Scarce Resources Mean Overabundant Jobs
Man’s inability to satisfy all his desires implies, by definition, that there are employment opportunities which continually go begging. These opportunities are not seized because they are among the lower valued uses of peoples’ limited resources. Potential producers cannot and will not produce when consumers aren’t willing to make it worth their while. It always should be remembered that jobs are performed for the mutual benefit of producers and consumers. Without this mutuality, jobs are not filled in a free society. Indeed, the fact that jobs are not filled when this mutuality is absent means that the community is better off overall.
Although an unquenchable thirst for goods and services relative to productive capabilities precludes a scarcity of jobs in general, one can correctly argue that there is a shortage of “good” jobs. Overcoming a scarcity of “good” jobs, however, is not susceptible to the quick-fix nostrums of the alleged media experts. Quite the contrary, sustained success in dealing with this latter scarcity is possible only with increases in an economy’s productive capabilities. U.S. economic history validates this latter point to even the most casual observer.
Then Why Is There Unemployment?
How can one reconcile the idea of job over-abundance with the observation that unemployment is and has been an economic fact of life? Economists have long noted that dynamic, growing economies always have unemployed resources. This dynamism inevitably means that the locations of some job opportunities arealways changing. Those losing jobs as a consequence of these changes are not fully aware of where new opportunities are emerging, nor are employers with the newly available jobs fully aware of potential employees. It is beneficial for all concerned to devote time to “job search”—a euphemism for what is popularly known as unemployment. Search enables employees to find better jobs while simultaneously enabling employers to find better employees. Although stop-start government monetary and fiscal policies disrupt the ease with which this matching occurs, better employer-employee matches lead to higher living standards.

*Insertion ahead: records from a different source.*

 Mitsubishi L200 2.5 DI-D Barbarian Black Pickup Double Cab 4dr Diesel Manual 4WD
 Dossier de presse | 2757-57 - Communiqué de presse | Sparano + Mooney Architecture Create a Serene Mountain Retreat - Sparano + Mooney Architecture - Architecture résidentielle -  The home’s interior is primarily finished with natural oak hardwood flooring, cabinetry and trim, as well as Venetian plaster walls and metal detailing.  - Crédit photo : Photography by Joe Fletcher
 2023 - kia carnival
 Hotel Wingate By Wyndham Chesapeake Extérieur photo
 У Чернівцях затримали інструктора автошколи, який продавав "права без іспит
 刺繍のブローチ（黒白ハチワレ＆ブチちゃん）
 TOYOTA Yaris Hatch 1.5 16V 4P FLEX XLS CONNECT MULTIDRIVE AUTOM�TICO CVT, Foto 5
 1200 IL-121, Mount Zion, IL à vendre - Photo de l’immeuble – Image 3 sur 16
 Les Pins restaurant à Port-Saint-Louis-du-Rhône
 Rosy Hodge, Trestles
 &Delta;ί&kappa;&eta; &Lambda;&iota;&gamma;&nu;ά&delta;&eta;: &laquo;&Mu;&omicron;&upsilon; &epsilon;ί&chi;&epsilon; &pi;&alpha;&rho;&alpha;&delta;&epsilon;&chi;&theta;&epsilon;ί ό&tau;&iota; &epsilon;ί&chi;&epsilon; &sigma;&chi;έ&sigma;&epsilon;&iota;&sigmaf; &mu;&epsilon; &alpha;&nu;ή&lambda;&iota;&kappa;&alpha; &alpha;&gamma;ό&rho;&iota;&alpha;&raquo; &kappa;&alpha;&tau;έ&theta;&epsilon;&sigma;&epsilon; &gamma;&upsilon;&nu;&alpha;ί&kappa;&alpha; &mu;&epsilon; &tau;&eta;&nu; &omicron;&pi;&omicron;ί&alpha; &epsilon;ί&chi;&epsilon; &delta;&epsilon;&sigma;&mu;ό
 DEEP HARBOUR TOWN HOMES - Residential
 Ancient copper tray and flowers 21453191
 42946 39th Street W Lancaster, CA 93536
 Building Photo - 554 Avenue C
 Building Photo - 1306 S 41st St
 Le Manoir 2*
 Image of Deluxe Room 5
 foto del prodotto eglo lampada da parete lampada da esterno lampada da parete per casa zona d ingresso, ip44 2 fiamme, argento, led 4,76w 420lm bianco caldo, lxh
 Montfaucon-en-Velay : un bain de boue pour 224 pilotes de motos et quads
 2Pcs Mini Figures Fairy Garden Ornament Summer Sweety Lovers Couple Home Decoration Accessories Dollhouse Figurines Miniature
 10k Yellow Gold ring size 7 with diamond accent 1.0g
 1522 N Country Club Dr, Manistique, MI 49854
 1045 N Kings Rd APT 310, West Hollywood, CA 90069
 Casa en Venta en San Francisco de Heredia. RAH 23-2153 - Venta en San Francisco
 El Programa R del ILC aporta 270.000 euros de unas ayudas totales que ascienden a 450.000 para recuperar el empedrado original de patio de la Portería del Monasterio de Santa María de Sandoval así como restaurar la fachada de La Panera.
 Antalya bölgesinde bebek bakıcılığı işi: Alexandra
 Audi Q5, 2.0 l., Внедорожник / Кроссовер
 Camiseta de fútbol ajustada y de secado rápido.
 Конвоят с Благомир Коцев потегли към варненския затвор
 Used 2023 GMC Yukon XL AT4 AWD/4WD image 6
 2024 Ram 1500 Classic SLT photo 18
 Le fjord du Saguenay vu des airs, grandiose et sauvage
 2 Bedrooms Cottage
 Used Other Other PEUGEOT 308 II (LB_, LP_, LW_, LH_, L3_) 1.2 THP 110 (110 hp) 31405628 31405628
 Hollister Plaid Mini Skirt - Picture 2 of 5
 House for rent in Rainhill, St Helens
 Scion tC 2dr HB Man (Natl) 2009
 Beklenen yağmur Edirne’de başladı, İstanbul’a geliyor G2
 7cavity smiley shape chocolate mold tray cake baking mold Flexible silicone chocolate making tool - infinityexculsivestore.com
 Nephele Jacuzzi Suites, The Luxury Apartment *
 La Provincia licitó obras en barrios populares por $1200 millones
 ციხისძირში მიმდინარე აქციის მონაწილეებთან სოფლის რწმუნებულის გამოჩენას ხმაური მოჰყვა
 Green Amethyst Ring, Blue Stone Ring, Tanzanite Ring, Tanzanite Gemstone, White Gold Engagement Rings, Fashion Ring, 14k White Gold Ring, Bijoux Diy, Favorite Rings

While unemployment due to job searching, properly seen, increases wealth, other forms of unemployment destroy wealth. The latter emanate from the coercive power of the state. For example, government-sanctioned monopolies in labor and product markets prevent some people from producing higher valued goods and services. The excluded resources are forced into either unemployment or lower-valued alternatives. Likewise, minimum wage laws prevent the unskilled from selling their services at a price that is attractive to consumers.
Economic Success and the Job Abacus
Having an actual, honest-to-goodness number upon which to judge economic phenomena is a security blanket for media experts and laymen alike. It not only eliminates the need for rigorous thinking, it also enables one to exude a sense of precision about the matters at issue.
Unfortunately, the job abacus diverts attention from the first principles of economics. Instead, attention becomes riveted on a number that, though it is meaningless in an economic sense, is potentially dangerous to our economic health. Changes in technology, managerial techniques, and consumer desires come to be seen as enemies.
History is replete with examples showing that the economic race is always won by those societies most open to these changes. If we wish to promote economic success, it is better to remember the lessons of economic history and forget the job abacus.